The school has not yet spoken publicly on the controversy.

A spokesperson for the head of the school Dr. William M. Donohue defended Fonte’s work.

“Dalton does not teach, nor have we ever taught, the type of curriculum that is being suggested,” the spokesman told the Post. “Our health classes do teach students important lessons related to body positivity, consent, and boundary setting with friends and others.

“A small number of parents who misinterpreted the lessons this fall and expressed concerns were offered meetings with faculty to clarify. No additional concerns have been expressed to faculty.”

On her website, Fonte bills herself as an educator who has “reveled in disrupting health education for 10 years.”
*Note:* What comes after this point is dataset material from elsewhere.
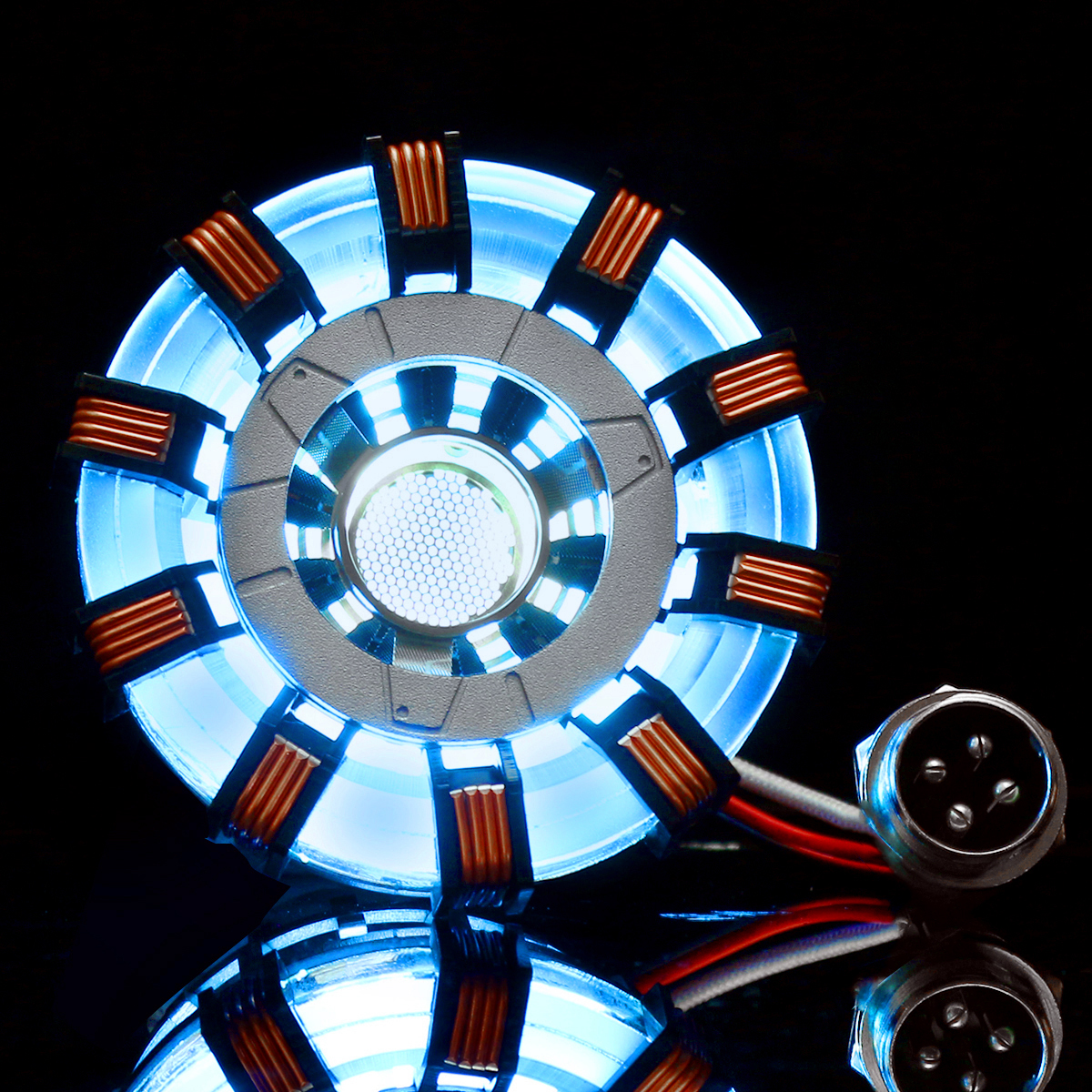 NYT Arc Reactor Mk2 Diy Model Kit Led Chest Light Usb Powered Movie Props. 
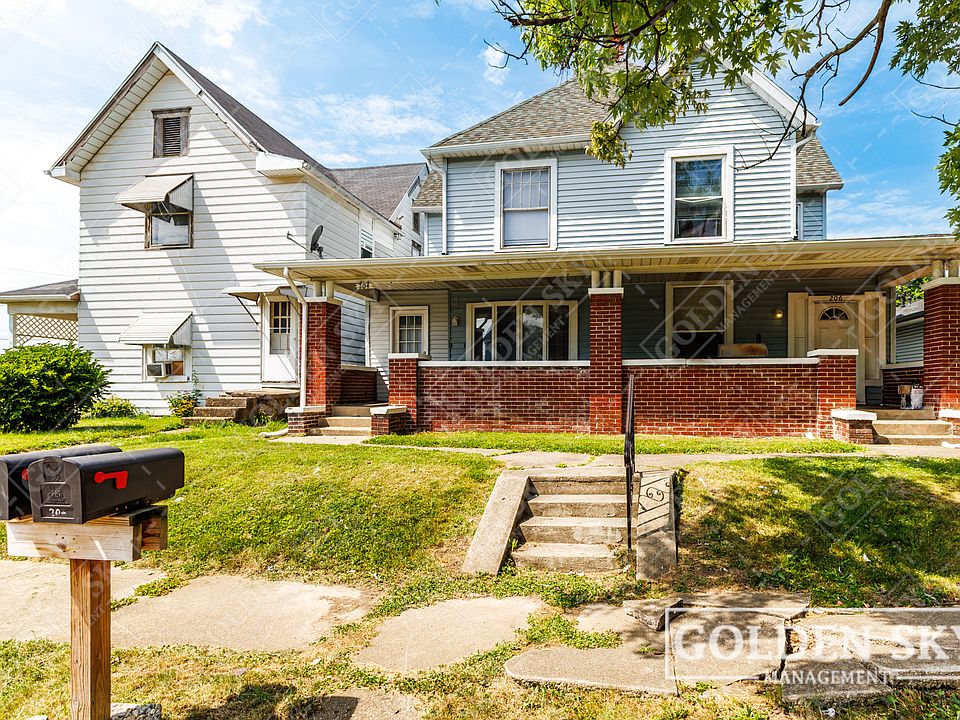 1st image of 204 E 6th St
Fonte’s workshop appears to be linked with a “pornography literacy” program for teens developed in 2016 in Boston.

Among other things, the early program was designed to teach students that “pornography is created for entertainment and generally not for instructional purposes.”

The program was also intended to teach children the dangers of pron, such as exchanging nude images with one another, though Fonte’s lesson reportedly didn’t touch on the matter.

A spokesperson for the Foundation Against Intolerance and Racism (FAIR) told the Post: “This is all part of an orthodoxy that has taken over schools across the country.

“Millions of kids are being experimented on with a new curriculum that racializes and sexualizes young children, labels them by traits like skin color, gender or sexual orientation, and tells them the paths of their lives are determined by those traits.”